• PROVIDED DATA:
%%
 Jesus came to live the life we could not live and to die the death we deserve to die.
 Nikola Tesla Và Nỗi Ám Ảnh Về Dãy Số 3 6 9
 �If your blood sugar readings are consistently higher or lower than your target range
%%
%%
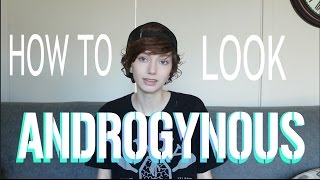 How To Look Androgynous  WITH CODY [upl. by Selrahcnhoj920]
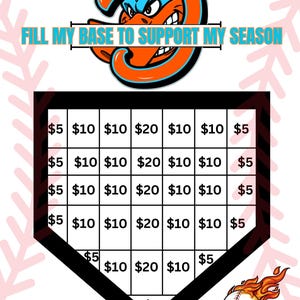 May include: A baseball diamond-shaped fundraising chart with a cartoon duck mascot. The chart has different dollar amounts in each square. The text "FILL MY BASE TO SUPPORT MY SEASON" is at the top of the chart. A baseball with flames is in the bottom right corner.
%%
• WHAT YOU WILL DO:
Within the material above, extract exactly the lines that start at the line containing "Nikola Tesla Và Nỗi Ám Ảnh Về Dãy Số 3 6 9" and stop after the line containing "your target range", and only those.

• ANSWER BOX:
 Nikola Tesla Và Nỗi Ám Ảnh Về Dãy Số 3 6 9
 �If your blood sugar readings are consistently higher or lower than your target range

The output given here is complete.